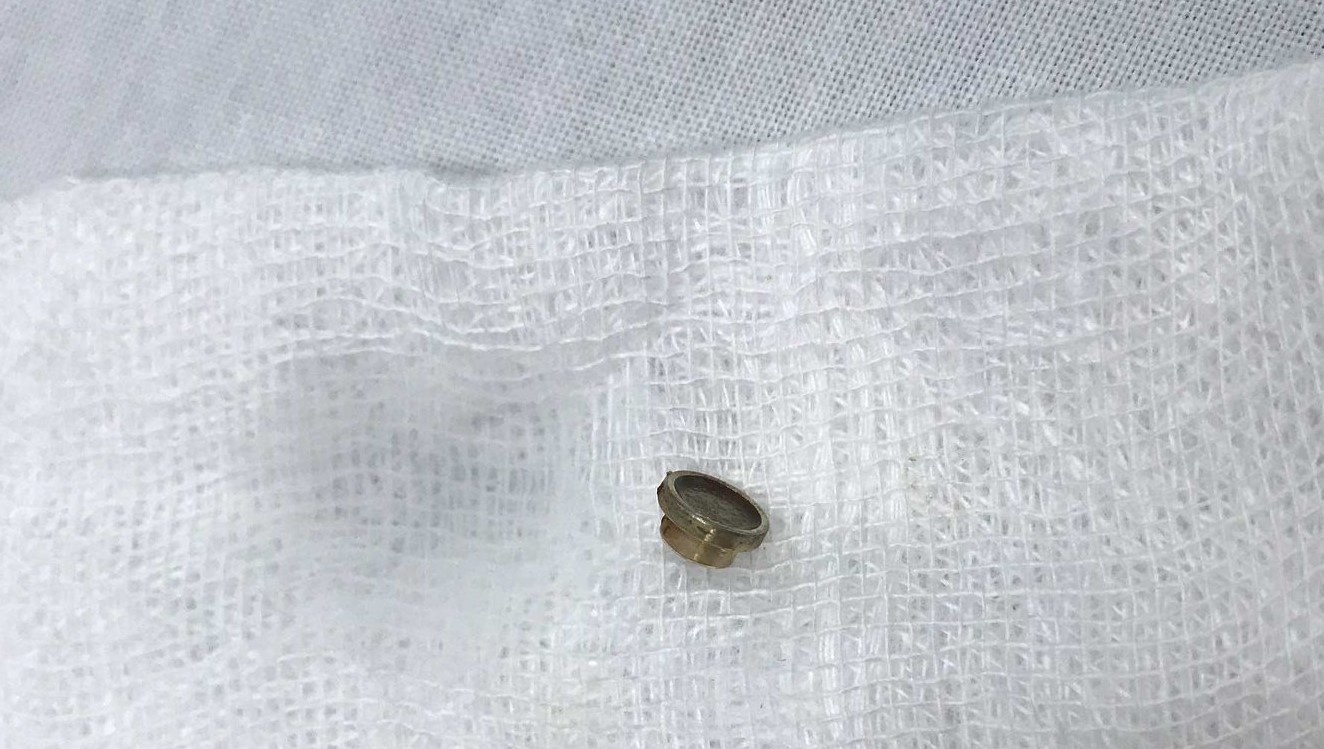 Suyt thung mang nhi vi deo tai nghe khi ngu hinh anh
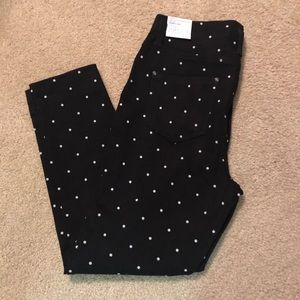 Time and Tru Capri Jegging Black and White dot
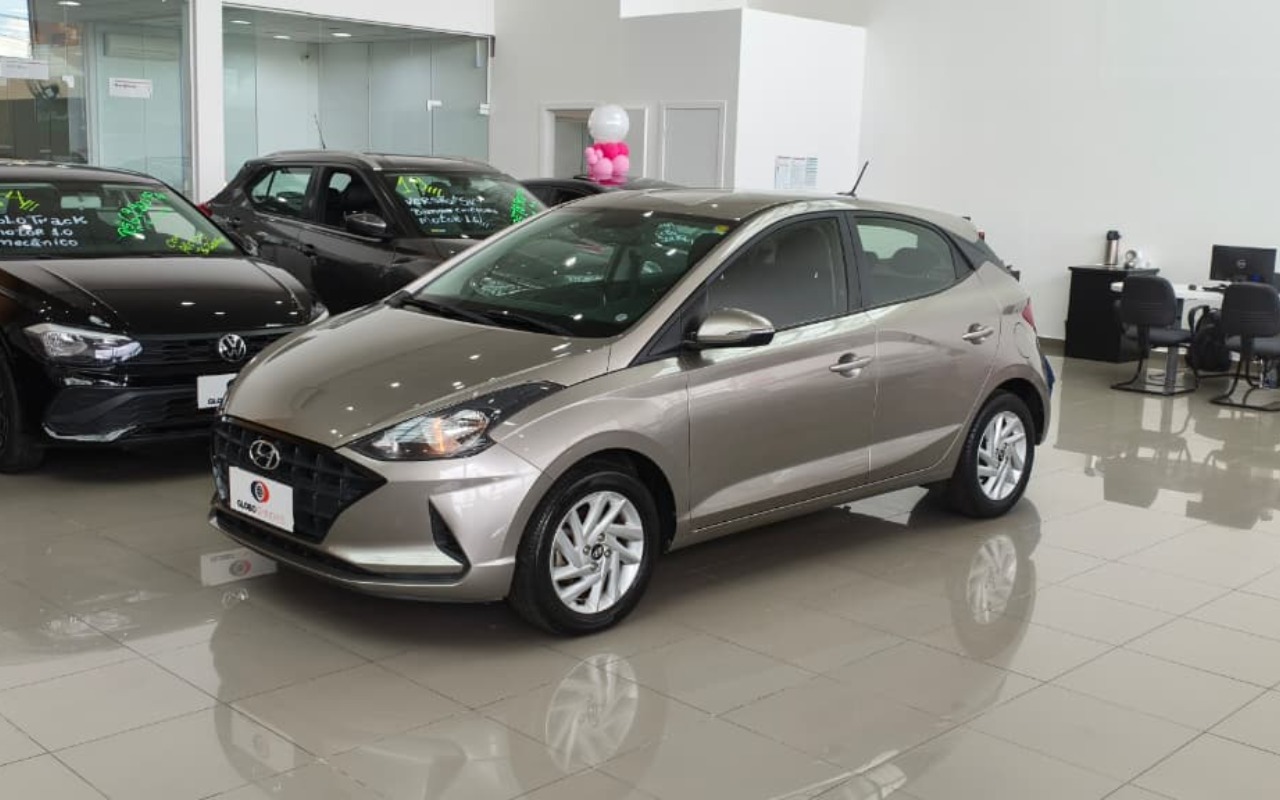 Hyundai HB20 Evolution 1.0 Flex 12V Mec. na cor Cinza em São José dos Pinhais / PR - 1600547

......

▸ **Your instructions**: Return the listing above word for word. Keep the images out.

▸ **Written answer**:
 Suyt thung mang nhi vi deo tai nghe khi ngu hinh anh
 Time and Tru Capri Jegging Black and White dot
 Hyundai HB20 Evolution 1.0 Flex 12V Mec. na cor Cinza em São José dos Pinhais / PR - 1600547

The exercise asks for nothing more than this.